Dušan Jelić

Personal information
- Born: 13 August 1974 (age 51) Banatska Palanka, SFR Yugoslavia
- Nationality: Serbian / Greek
- Listed height: 6 ft 11 in (2.11 m)
- Listed weight: 275 lb (125 kg)

Career information
- NBA draft: 1997: undrafted
- Playing career: 1991–2011
- Position: Center
- Number: 9
- Coaching career: 2013–present

Career history

As a player:
- 1991–1992: Crvena zvezda
- 1993–2000: Panionios
- 2000–2001: Crvena zvezda
- 2001: Lucentum Alicante
- 2001–2002: Olympiacos
- 2002–2003: Air Avellino
- 2003–2004: Tau Cerámica
- 2004: Prokom Trefl Sopot
- 2004–2005: Makedonikos
- 2005: Anwil Włocławek
- 2005–2006: Upea Capo d'Orlando
- 2006: Castelletto Ticino
- 2006: Huelva
- 2006–2007: Ventspils
- 2007–2008: APOEL
- 2008: BC Kalev
- 2008–2009: Swisslion Takovo
- 2009: Euroins Cherno More
- 2009–2010: Apollon Patras
- 2010–2011: FMP

As a coach:
- 2013–2014: Crvena zvezda U16 (assistant)
- 2014–2016: Club Africain (assistant)
- 2016–2018: Petrochimi 2
- 2018–2019: Nizhny Novgorod (assistant)
- 2019–2021: Mladost Zemun (assistant)
- 2021: Napredak Aleksinac

Career highlights
- As a player Greek Cup winner (2002);

= Dušan Jelić =

Serbian-Greek professional basketball player (born 1974)

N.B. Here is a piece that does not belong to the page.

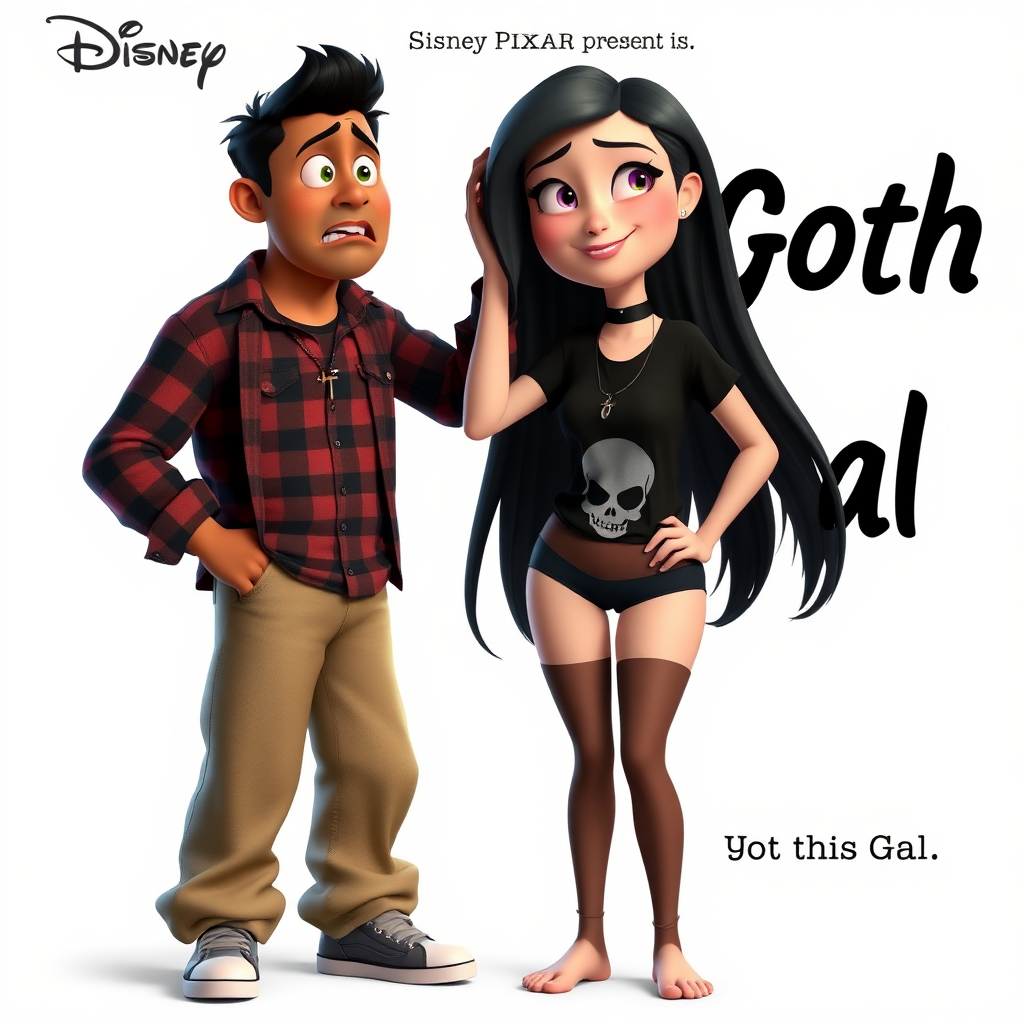 A Disney Pixar animation style 3-D poster titled "Disney Pixar Presents “Goth Gal”". There's a young tall, handsome, scared, and frightened South Asian male adult Christian wearing a cross around his neck, long khaki pants, and a plaid shirt and sneakers. He is being touched by a shorter, very attractive, fit-looking Gothic-style young adult woman of Northwestern European descent with long black hair. She is wearing a black t-shirt with a skull logo, a choker around her neck, and small black thong. She is barefoot. The background is white. The movie poster has the tagline "You couldn't resist her".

Dušan Jelić (Душан Јелић; born 13 August 1974) is a Serbian-Greek professional basketball coach and former player. At a height of 2.11 m tall, he played at the center position.

== Coaching career ==
In February 2021, Jelić was hired as the new head coach of Napredak Aleksinac of the Basketball League of Serbia.

==Personal life==
Like many players from the former Yugoslavia during the 1990s, Jelić obtained Greek citizenship, while playing in the country, and thus competed as a domestic player under the name Ntousan Koutsopoulos (Greek: Ντοὐσαν Κουτσόπουλος). In Greece, he is also known by the name Dušan Jelic Koutsopoulos.